Augustine steers away from real external examples such as ships sailing downstream, whereas it is this kind of example the scientist Kant uses to generate the account he needs in his architectonic of sciences. Instead, Augustine prefers to use private soliloquy in which a psalm is being inwardly recited in order to generate a dialectical manifestation of expectation, attention, and memory. One moment passes away, and another moment waxes into the thought space, as expectation is transformed into memory in a dialectical process that Ricoeur describes in terms of a “living metaphor”. We are never given a precise account of the scope and limits of these “powers” in the Philosophical Psychology of Augustine. His aim, rather, appears to be one of phenomenologically describing the appearance and disappearance of these powers on a solipsistic inner stage in a context of presence and absence that resembles the example Freud referred to in his essay “Beyond the Pleasure Principle”. In Freud’s essay, a one and a half year-old boy missing his mother enacts out the scene with a cotton reel which he throws out of his cot uttering the word “Fort! and pulling it back in via its thread uttering the word “Da!”. This game of “gone!-here!” is a solipsistic exercise that might also be appreciated by many existentialist and phenomenological philosophers who appeal to the notion of “negation” in their accounts of mental mechanisms that regulate our thought processes. One important point to note in the above “presence-absence” game, is that nothing unifies the representations involved. Ricoeur points to how both metaphor and narrative have the task of unifying representations and might almost be considered as organising principles of the literary productive sciences.

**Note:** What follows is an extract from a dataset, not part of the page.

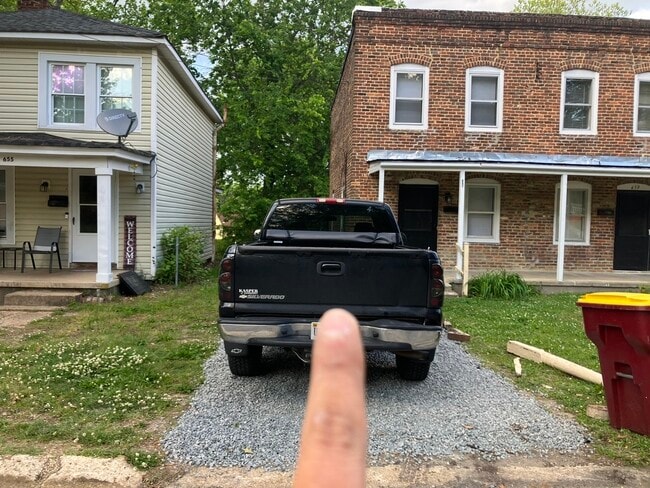 Building Photo - 657 Pegram St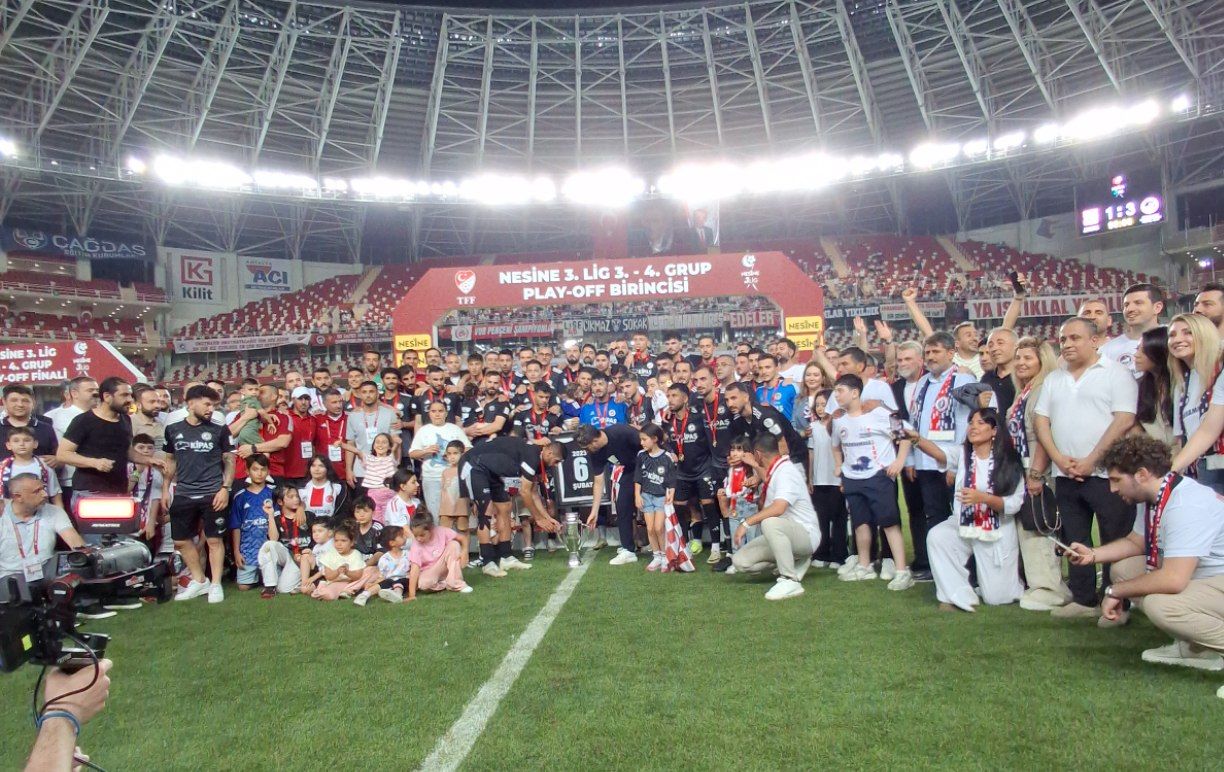 Kahramanmaraş İstiklalspor Kupasını Törenle Aldı!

The dialectical materialism of Hegel and Marx rest upon key moments of discordance, in which a thesis claiming the truth of something, is challenged by an antithesis claiming the truth of the negation of the thesis. The next stage in this process is a synthesis, in which certain elements of the thesis are integrated with certain elements of the antithesis. This looks a promising outcome, until we learn that this synthesis is merely a new thesis in disguise awaiting the arrival of another discordant antithesis. Scepticism has obviously won the day in this dialectical process, because, on this account, no theses can ever categorically possess the logical characteristics of universality and necessity. At best we are dealing with a judgment that falls into the category of the “hypothetical”. Kant and Kantians would, of course, reject both the scepticism and dogmatism of the Hegelian and Marxist positions on the grounds of the formulation of a critical rationalism which enables them to reject both the materialism and dualism of these times.

Augustine’s meditation on Time then takes a new turn when the idea of eternity is discussed again in terms of the present (that never ends). Our intellect, Augustine argues, contrasts our humanly lived time, with the idea of this never-ending present and a new dialectical argument begins to take shape. Eternity is linked to the eternity involved in words that express the Truth that never changes(P.29), but this is again immediately neutralised by a moment of negation, in which the idea of eternity introduces nothingness rather than being into our idea of Time.